The primary difference between the two backtesting designs lies in their methodological approaches. The first strategy begins with sentiment analysis, then converts sentiment scores into weight adjustments, reflecting the intrinsic logic of behavioral finance—where emotions influence investment behavior and, consequently, prices.
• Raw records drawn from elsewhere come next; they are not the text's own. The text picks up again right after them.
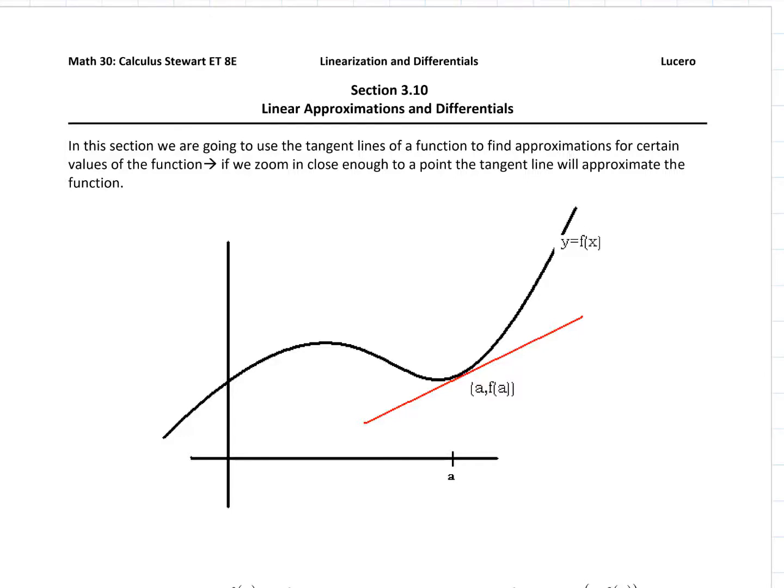In this next section on linear approximations and differentials, we are going to expand upon a concept we've been working with throughout the semester: equations of tangent lines. We're going to talk about how a tangent line can be used to approximate a function close to a specific point. That process is called using a linear approximation, or linearization of the function, meaning approximating the function with a line.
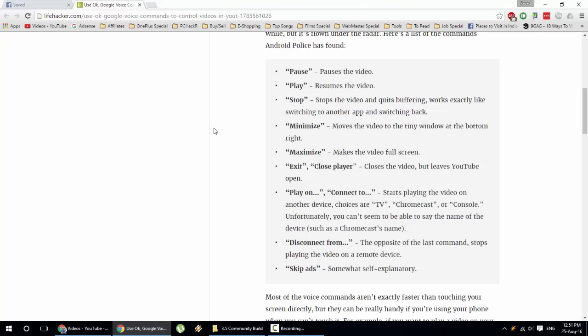Say play on Chromecast or connect to Chromecast. As well, if you want to disconnect from Chromecast you can do that. And obviously skip ads - if an ad is playing, you can say skip ads.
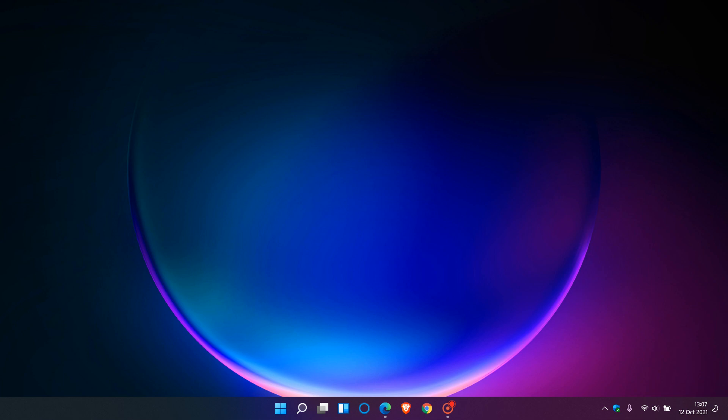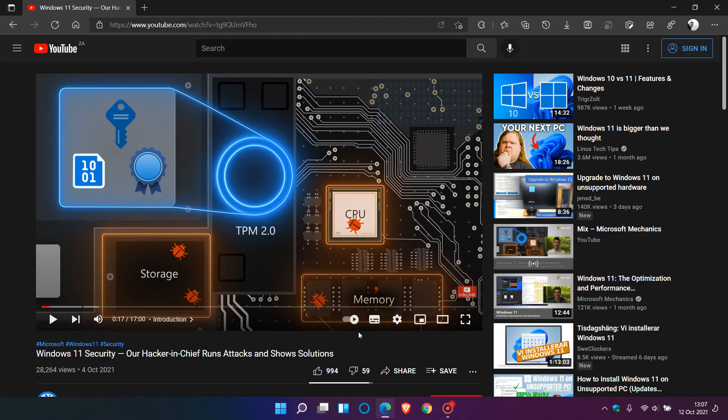They have in the last couple of days over on YouTube posted this video: Windows 11 security, our hacker in chief runs attacks and shows solutions. And it's about 17 minutes long.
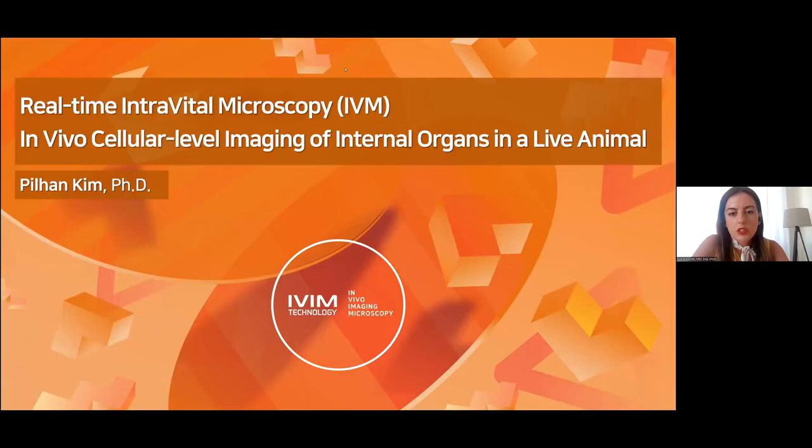Dr. Puja Jain is a professor in the Department of Microbiology and Immunology at Drexel University College of Medicine, with a joint appointment in Neurobiology and Anatomy. She will present live intravital imaging of myeloid cell trafficking into the spinal cord of mice. We start with a brief introduction by Dr. Pihan Kim, CEO and CTO of IVIM Technology and associate professor at KAIST. Please use the Q&A box below for questions.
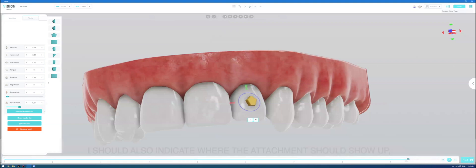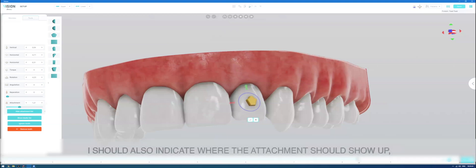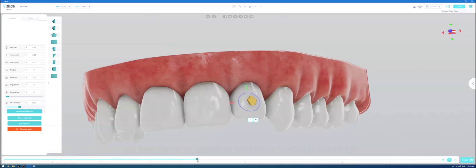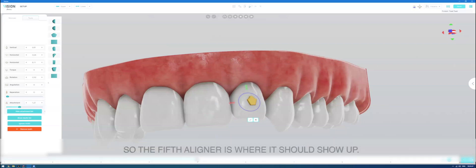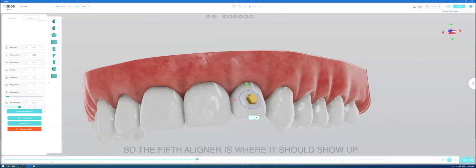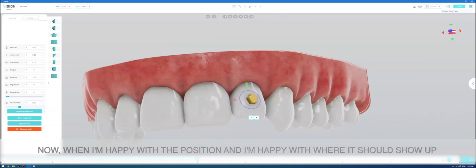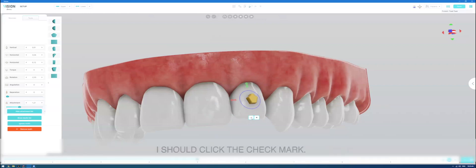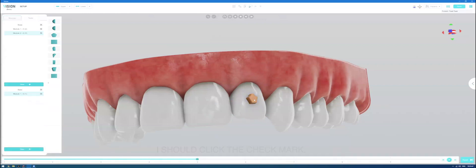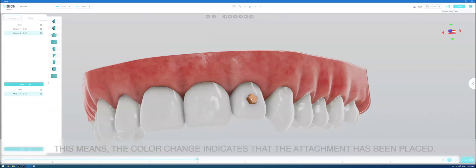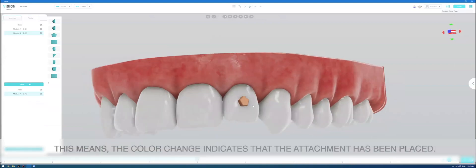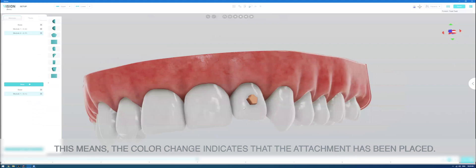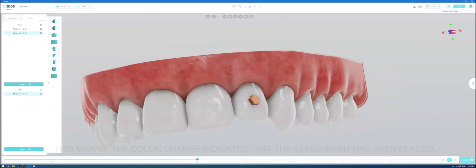I should also indicate where the attachment should show up. So, say, the fifth aligner is where it should show up. Now, when I'm happy with the position and I'm happy with where it should show up, I should click the check mark. And this means the color change indicates that the attachment has been placed.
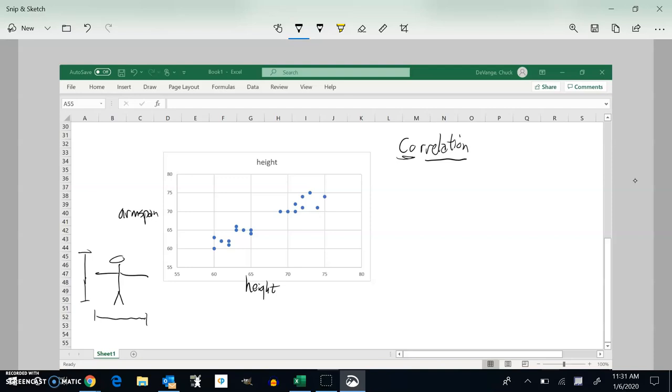And so you can see on this that there seems to be a trend here. As the height increases, the arm span increases, which you would expect to happen. These two variables are correlated to each other.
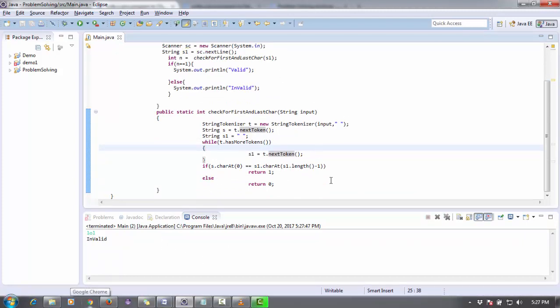So the previous code was good and you can use that code. If you want it for a long string, you can use simply this code. This code was only shown so that you can understand what is string tokenizer and how we can use string tokenizer.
The second strategy directly maps textual information to stock returns and adjusts weights based on predicted returns, aligning with the efficient market hypothesis, which posits that information determines prices.
Backtesting results based on Sentiment-analysis Bert Model:
Figure1:Quarterly Return of NLP Strategy
Figure2:Cumulative Return of NLP Strategy
Backtesting results based on End-to-End Bert model:
Figure3:Quarterly Return of End-to-End Bert Strategy
Figure4:Cumulative Return of End-to-End Bert Strategy
Investment performance of the 2 models:
| Model | Sentiment-analysis Bert Model | End-to-End Bert model | Increase(compared with sentiment base bert model) |
|---|---|---|---|
| Sharpe Ratio | 0.3648 | 0.4743 | 30.0164% |
| Information Rario | 0.4456 | 0.7332 | 64.5422% |
| Absolute return | 320.63% | 582.87% | 81.7889% |
key insight:
As can be seen from the table, the backtesting results of the End-to-End BERT regression model are significantly better than those of the sentiment analysis-based BERT model. We believe the main reasons for this are:
-
Sentiment analysis only extracts emotional information, whereas the End-to-end model can extract additional information beyond sentiment (such as risks, opportunities, etc.).
-
The end-to-end model achieves a direct mapping from text to investment returns, which provides a clearer objective.
V. Future Direction
Currently, our team is still in the exploratory phase. Our future direction is to implement multi-task learning, combining the two different backtesting strategies to conduct investment predictions based on factors such as sentiment, risk, and future opportunities simultaneously.